| More threats from Japan
Once again, Japan is threatening to pull out of the International Whaling Commission if no progress is made towards easing an international ban on commercial whaling. Japan has frequently threatened to pull out of the IWC in the past.
Agriculture, Forestry and Fisheries Minister Masahiko Yamada recently commented that they felt this is the final stage and are not sure how things are going to turn out over the IWC proposal which could see limited commercial hunts for 10 years. A British newspaper, the Sunday Times has claimed it has evidence suggesting that Japan has bribed small nations to support its attempts to lift the 24-year-old moratorium on commercial whaling and officials from St Kitts and Nevis, Grenada, the Marshall Islands, Kiribati, Guinea and Ivory Coast were willing to discuss selling their votes at the International Whaling Commission (IWC).

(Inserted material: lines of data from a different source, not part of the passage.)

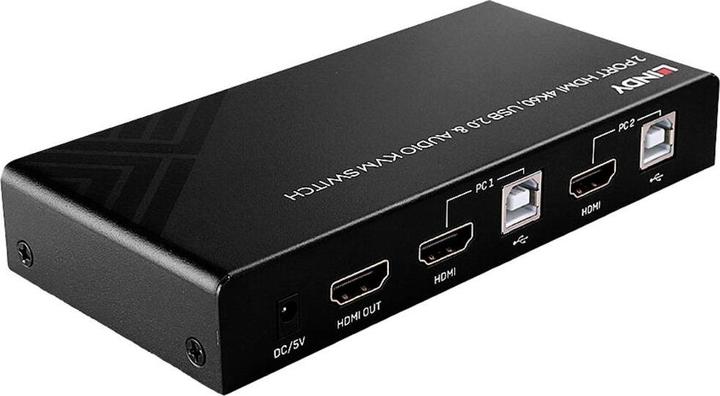 Produktbild Lindy 2 Port KVM Switch HDMI 4K60, USB 2.0 & Audio Schaltet zwischen 2 HDMI PCs von einer einzigen Konsole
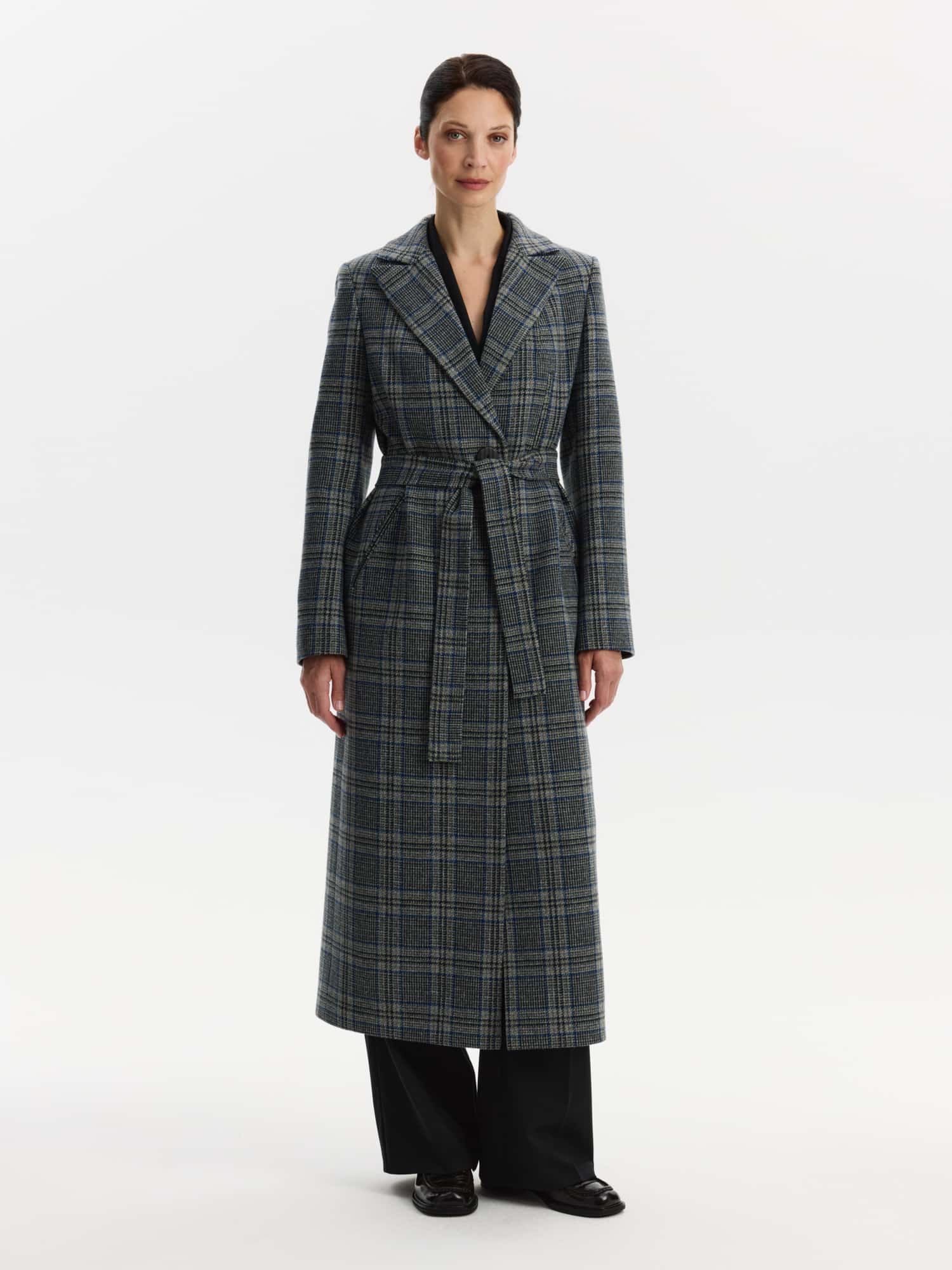 Пальто КМ431-1 ML серо-синяя клетка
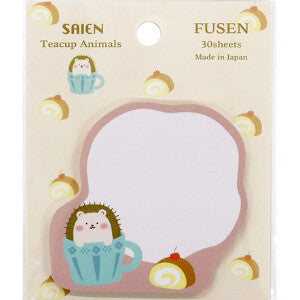 SAIEN Teacup Animals Hedgehog Sticky Notes – 30 Sheets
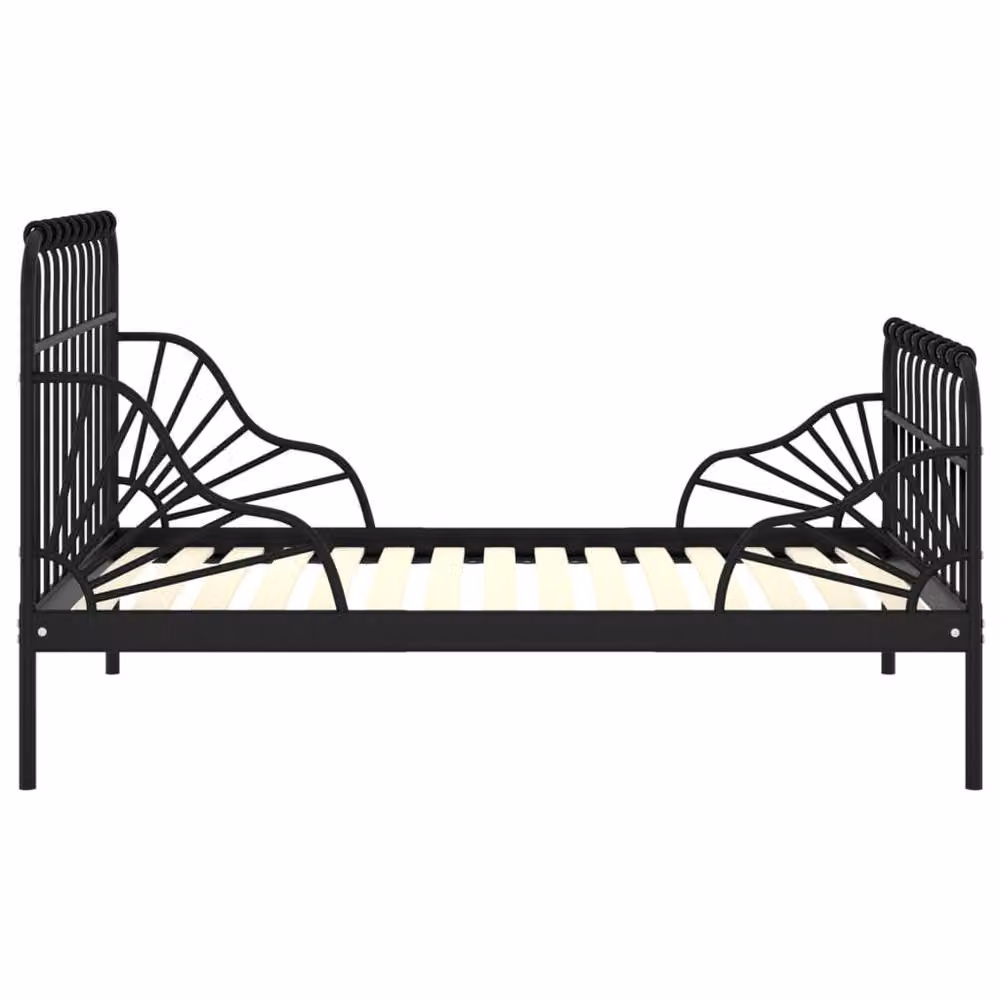 Berkfield Home Extendable Metal Bed Frame in Black, W/D/H: 80 x 130/200 cm – 2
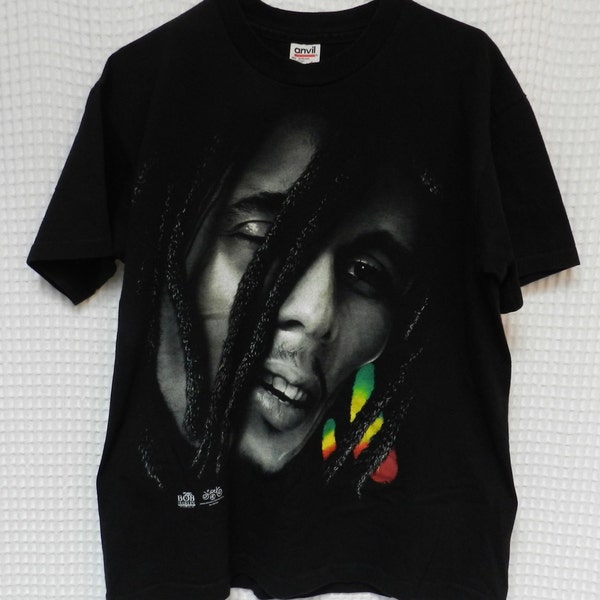 vintage Bob Marley T Shirt concert tour Reggae music Mens L 90s mint condition rare tee USA made alternative hippy festival rap Rasta ganja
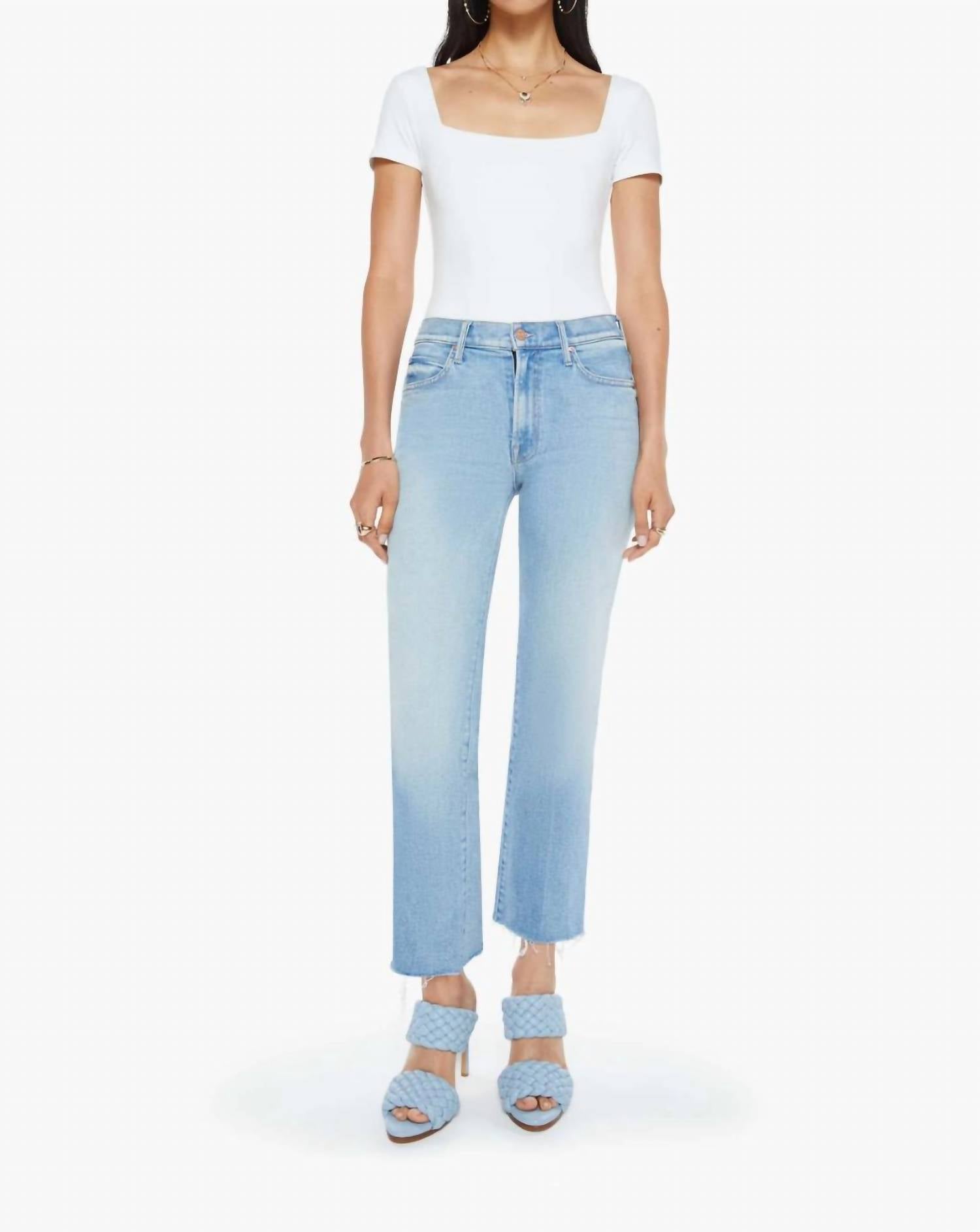 Mother - Kick It Ankle Fray Straight Leg Jeans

The paper said Japan denies the claims and the ministry of foreign affairs said in a statement that the Japanese government does not cover any cost of any other IWC member countries related to the IWC. However, undercover reporters posing as representatives of a Swiss billionaire conservationist approached officials from pro-whaling countries and offered them an aid package to switch their vote. During their negotiations, the officials revealed their Japanese support - a fisheries official for Guinea said Tokyo usually gave his minister a minimum of 1,000 dollars a day spending money during IWC and other fisheries meetings.
New dramatic footage has just been released of a whale being hit by an exploding harpoon, off Norway in May. WSPA captured the footage, which shows a minke whale being hit by an explosion and the whaling ship attempting for more than 20 minutes to locate the whale, which was injured but still alive.